The graph of the equation x2 − xy + y2 = 9 is an ellipse. Find the lines tangent to this curve at the two points where it intersects the x-axis. Show that these lines are parallel.
x^2 - xy + y^2 = 9
2x - x dy/dx - y + 2y dy/dx = 0
dy/dx(2y - x) = y - 2x
dy/dx = (y-2x)/(2y-x)
at x-intercept: y = 0
x^2 - 0 + 0 = 9
x = ± 3
when x = 3, dy/dx = (0-6)/(0-3) = 2
equation of tangent:
y = 2(x-3)
y = 2x - 6
when x = -3 , dy/dx = (0 + 6)/(0+3) = 2
equation at (-3,0)
y = 2(x+3)
y = 2x + 6
since both lines have a slope of 2 , they are parallel
To find the lines tangent to the curve at the points where it intersects the x-axis, we first need to find the coordinates of these points.

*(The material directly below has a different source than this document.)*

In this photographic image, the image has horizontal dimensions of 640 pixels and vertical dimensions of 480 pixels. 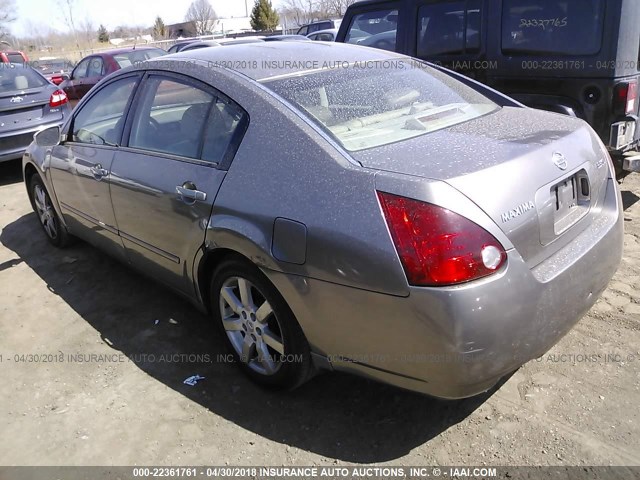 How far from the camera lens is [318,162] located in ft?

To do this, we set y = 0 in the equation x^2 − xy + y^2 = 9 and solve for x:
x^2 − x(0) + (0)^2 = 9
x^2 = 9
Taking the square root of both sides, we get:
x = ±3
So, the curve intersects the x-axis at the points (3, 0) and (-3, 0).
Now, let's find the slope of the curve at each of these points. We differentiate the equation x^2 − xy + y^2 = 9 implicitly with respect to x:
2x - y - x(dy/dx) + 2y(dy/dx) = 0
Rearranging this equation, we get:
(dy/dx) = (2x - y) / (x - 2y)
Substituting the coordinates of the points (3, 0) and (-3, 0), we can find the slopes at these points:
At x = 3:
(dy/dx) = (2(3) - 0) / (3 - 2(0)) = 6/3 = 2
At x = -3:
(dy/dx) = (2(-3) - 0) / (-3 - 2(0)) = -6/-3 = 2
We can see that the slopes at both points are equal and hence, the lines tangent to the curve at these points are parallel.
Therefore, the lines tangent to the curve x^2 − xy + y^2 = 9 at the two points where it intersects the x-axis are parallel.
To find the lines that are tangent to the curve at the points where it intersects the x-axis, we first need to find the points of intersection.
When the curve intersects the x-axis, the y-coordinate of those points is 0. Thus, we can substitute y = 0 into the equation x^2 - xy + y^2 = 9 to solve for x.
x^2 - x(0) + (0)^2 = 9
x^2 = 9
x = ±√9
x = ±3
So, the curve intersects the x-axis at the points (-3, 0) and (3, 0).
Next, we need to find the slopes at these points. To do this, we take the derivative of the given equation implicitly with respect to x.
Differentiating x^2 - xy + y^2 = 9 with respect to x, we get:
2x - y - xy' + 2yy' = 0
Since we are interested in the slopes at the points of intersection with the x-axis, we substitute y = 0 in the derivative equation:
2x - (0) - x(0) + 2(0)y' = 0
2x = 0
x = 0
At x = 0, the slope is given by y' = -2x/(2y).
Substituting x = 0 and y = 0 into y', we find that the slope is undefined.
This means that the curve has vertical tangents at the points of intersection with the x-axis. The equations of vertical lines are of the form x = c, where c is a constant.
Hence, the lines tangent to the curve at the points (-3, 0) and (3, 0) are x = -3 and x = 3, respectively.
Since both lines have equations of the form x = c, where c is a constant, their slopes are undefined. Therefore, the lines are parallel.